MAHMUT CÛDA, Fethiye'de doğdu. 1918'de girdiği Sanayi-i Nefise Mektebi'nde (Mimar Sinan Üniversitesi) Hikmet Onat ve İbrahim Çallı atölyelerinde resim öğrenimi gördü. 1923'de Münih'e gitti. Orada 18 ay süre ile Hans Hoffman'ın atölyesine devam etti. 1925'te İstanbul'a döndükten sonra yine Çallı atölyesinde çalıştı. Resim öğrenimi için açılan bir yarışmada kazandığı burs ile gittiği Paris'te Ecoles des Beaux Arts'da Lucien Siomon'un öğrencisi oldu. 1928'de İstanbul'a dönerek İstanbul Güzel Sanatlar Akademisi'nde Namık İsmail'in yanında öğretmen olarak göreve başladı. 1929'da Müstakil Ressamlar ve heykeltıraşlar Birliği'nin kuruluşunda görev aldı. 1949'da TBMM için çeşitli resimler yaptı. 1950'lerde Türk Ressamlar Derneği'ni kurdu. 1952'de sekiz sayı kadar çıkan Güzel Sanatlar Dergisi'ni yayımladı. 1982'de Kıymet Giray tarafından hazırlanan kitabı İş Bankası tarafından basıldı. 1987'de Mimar Sinan Üniversitesi'nden profesörlük unvanı verildi. 26 Mart 1987 Perşembe günü İstanbul'da öldü. 

En çok işlediği konu natürmorttur.
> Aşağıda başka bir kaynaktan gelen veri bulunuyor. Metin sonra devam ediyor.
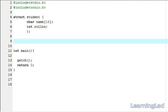Hi, this is Anil with a video tutorial for the Learning Lad on C programming. In this video tutorial we are going to see how we can pass the elements of a structure variable to a function, and then how we can pass an entire structure variable to a function.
Natürmortlarındaki nesneleri doğal görünümler içinde, biçimsel bir yorumlama olmaksızın betimler. Hem nesneleri, hem de ayrıntıları resim yüzeyine düşünülmüş bir düzen içinde yerleştirir. Bu nesnelerin doğal dokusunu tüm ayrıntılarıyla görülebilecek biçimde verir. Ama bu öğelerin maddeleri arasındaki doku farklılığı boya tekniğine yansımaz. 

Boyayı tüm tuvale hemen hemen aynı kalınlık ve düzlükle sürer. Resimlerin her noktasına eşdeğerde yaydığı ışık, gölge, yarıgölge ve refle olgusu nesneden nesneye veya bir renkten diğer renge geçerken uyguladığı buğulu pasajları ile öğelere volüm kazandırır. İllüstrasyonlarında ve karikatürlerinde daha değişik bir tutumu vardır. Kişilerin karakterlerini natürmortlarında ve desen portrelerinde görülmeyen deformasyonlarla verir.